China's neighbours get nervous

By John Thornhill
FT.com site; Dec 02, 2002

A spectre is haunting Asia, the spectre of capitalist China. Over the past two decades, China's neighbours have watched in awe as the most populous nation has re-emerged as the "factory of the world" and the most dynamic economy in the region.

The leaders of the 10-country Association of South East Asian Nations (Asean) who met in Cambodia last month certainly seemed haunted by this spectre as they watched China engage in a diplomatic tussle with Japan to assert leadership in east Asia.

Zhu Rongji, the veteran Chinese premier, set the agenda by pushing China's plan to create a free trade area with Asean - excluding Japan - by the end of the decade. Not wishing to offend China, most Asean countries supported the proposal in public - although privately they have deep misgivings about exposing themselves to the full force of Chinese competition.

Since Deng Xiaoping embraced capitalism and opened up the country's economy in the 1980s, China's growth has been astonishing. It continues to outstrip the rest of Asia, which is still recovering from the 1997-98 financial crisis.

In 1980, the Chinese economy was just one-twentieth of the size of Japan's, the world's second biggest economy. Today, China's gross domestic product is almost a quarter that of Japan. If the current growth rates of the two countries are extrapolated, China's economy might well outstrip Japan's within 20 years. "China's economy is potentially 10 times the size of Japan's," Goh Chok Tong, Singapore's prime minister, predicted in his national day address last year. "Just ask yourself: how does Singapore compete against 10 postwar Japans, all industrialising and exporting to the world at the same time?"

Many analysts argue that it is only a matter of time before this economic power is translated into military muscle.

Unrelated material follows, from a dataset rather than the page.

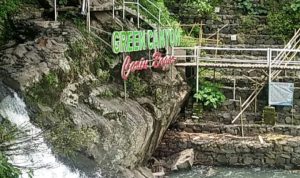 Survei Lokasi Oleh Tim Panitia Pelaksana Untuk Kegiatan Acara Kemah Budaya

Iraq aside, east Asia is a likely theatre for a major war, they argue. Teeming with expansive ambitions and fuming at past humiliations, China is at the centre of many of these war-gaming scenarios.

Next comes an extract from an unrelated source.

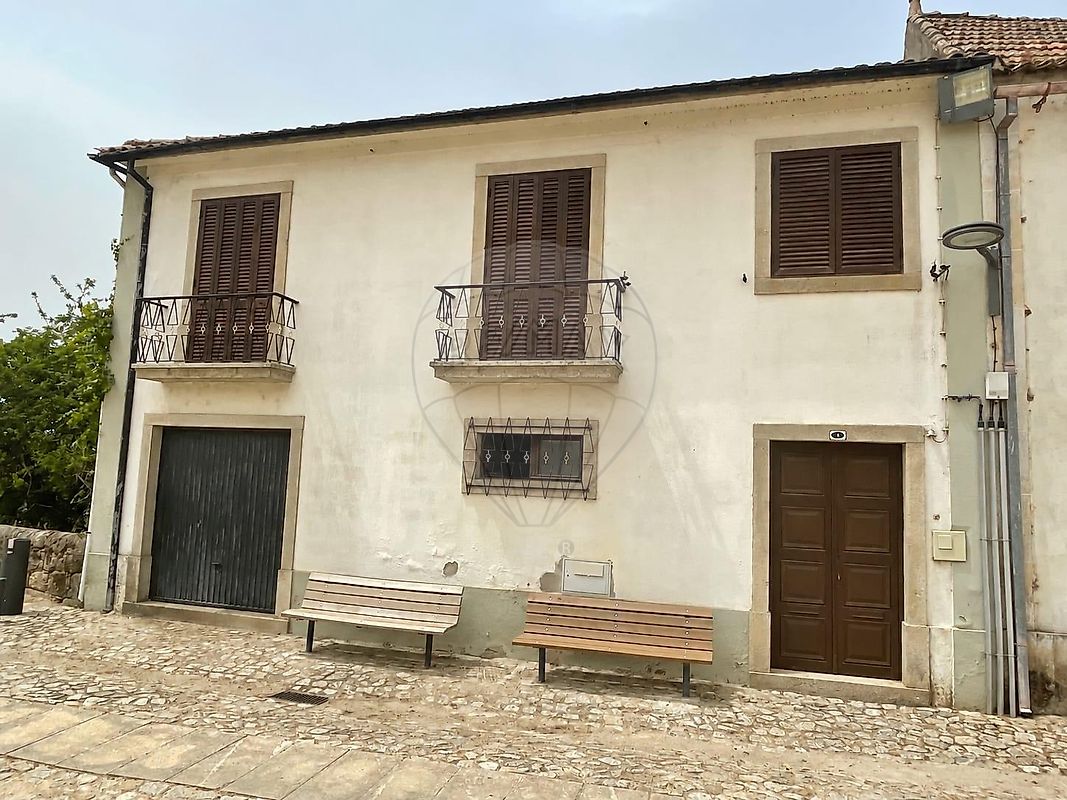 Moradia T3 - Lourosa, Oliveira do Hospital, Coimbra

A recent report from a US Congressional panel flagged fears that China's rise could threaten regional stability. The US-China Security Review Commission concluded that Washington might be mistaken in helping China build up its economic strength unless Beijing conducted reforms to transform its political system, too. "If China becomes rich but not free, the United States may face a wealthy, powerful nation that could be hostile toward our democratic values, to us, and in direct competition with us for influence in Asia and beyond," it said.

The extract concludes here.